Don’t say “that’s impossible” to a blind person. At our new Rehabilitation Center for the Blind and Vision Impaired in Richmond, Virginia, the theme of the project was “Imagine the Possibilities”.   The first task for DENNIS KOWAL ARCHITECTS was to prove it was possible to redesign and renovate a 21,000 square foot vintage 1960’s building into a modern training center for those with visual impairments.   One employee told DKA upon seeing the completed facility, “I don’t know where you found all the extra space; the place looks bigger, brighter and totally new!”

 
A glare-free translucent skylight floods the interior resource 
room with natural light and becomes the hub of the facility.  

The student commons which is also used for group discussions  
is primarily defined by the carpeting and a molded wall that 
helps to diffuse sound.
 
    
 
                   

 

In continuing with the possibilities theme, the next task was to communicate hope to all those that enter, including the families and friends who sometimes accompany a new student.  Director, Melody Roanne, Trades Manager of A&E Services, Dr.

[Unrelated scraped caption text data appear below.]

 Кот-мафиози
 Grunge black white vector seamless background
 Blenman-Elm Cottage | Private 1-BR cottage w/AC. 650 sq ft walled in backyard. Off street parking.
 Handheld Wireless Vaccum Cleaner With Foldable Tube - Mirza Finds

Richard Fisher, and Virginia Department of the Blind Commissioner, Raymond E. Hopkins, brainstormed with Dennis J. Kowal, AIA, LEED AP, about how the building might encourage and inspire.  When Dennis Kowal heard about the blind art work on display at the library and the many accomplishments of graduates, the “Wall of Possibilities” was created to showcase student achievements and to send the message that “nothing is impossible”.   The Wall contains video panels that describe how much the graduates have accomplished and actual photos, samples, and testimonials by those who have enjoyed success since leaving the program.


 
Some graduates have become artists, doctors, lawyers,
journalists and many of the same professions as the sighted.
At the new Training Center, “nothing is impossible”.  

 
Instructors often wear “sleep masks” themselves as they train students in mobility.  
Vocational training, Home Management skills, Braille Reading, and Career Counseling are
all offered at the School.
 
 
 
 

                   


 

The building also conveys a message of possibility to future employers.   It shows you don’t need special provisions to hire someone with vision impairment.   Normal cues like edges and walls are enough to provide navigational tips for mobility.   Gone are the images of special hand rails along corridors, garish material changes and warning strips, or extra wide corridors which many wrongly believed would be necessary to hire a blind worker.

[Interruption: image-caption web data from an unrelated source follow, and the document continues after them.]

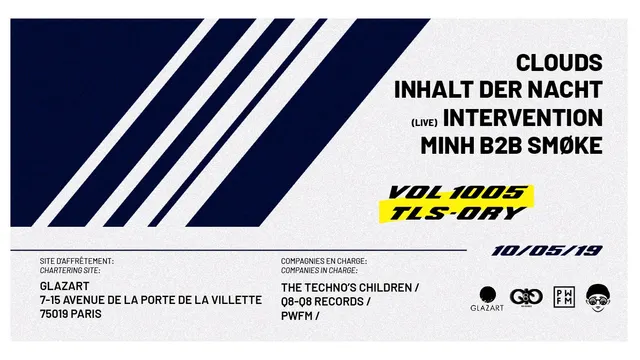 VOL 1005 w/ Clouds, Inhalt der Nacht, Intervention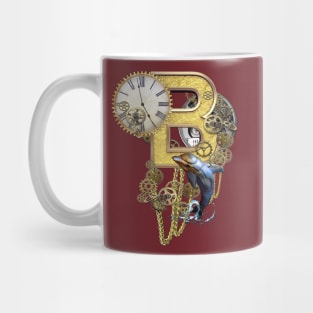 Alphabet-monogram capital-letter B Mug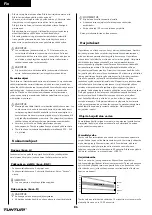 Preview for 86 page of Tunturi 17TFRN9000 User Manual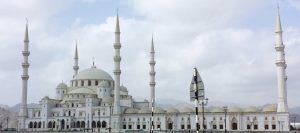 Sheikh Zayed Mosque in Fujairah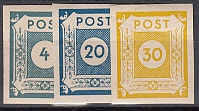 SBZ Mi.-Nr. 53/55 **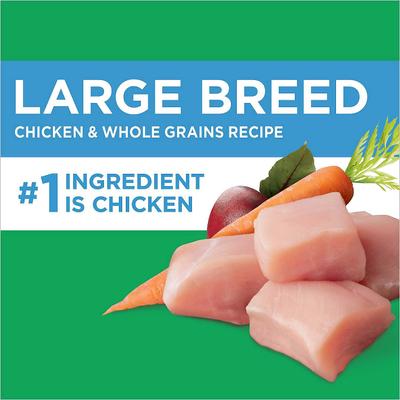 Proactive Health Large Breed Adult with Real Chicken Dry Dog Food, 60-lb bundle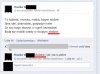 Napisać coś poprawnie... a w komentarzu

Dennis Kowal has a national reputation for designing for the blind and physically handicapped and was invited to be the Design Architect for this project working closely with students, staff, administration, and Taylor Muniz of Moseley Architects, who brought this remarkable transformation in under budget.

                   


 

 
A caring staff train students to use computers and other technologies.   A braille
mouse, a tactile display, or text to voice software are sometimes all that is
needed for full proficiency. 

 
In a bold move, Dennis left an existing column exposed in a hallway to prove that no special provisions are needed by employers to hire the blind.
 
 
 
                                                                
 
 

Special attention was paid to creating outdoor spaces and typical street environments to practice mobility skills. The spaces also serve as great social and recreational hotspots.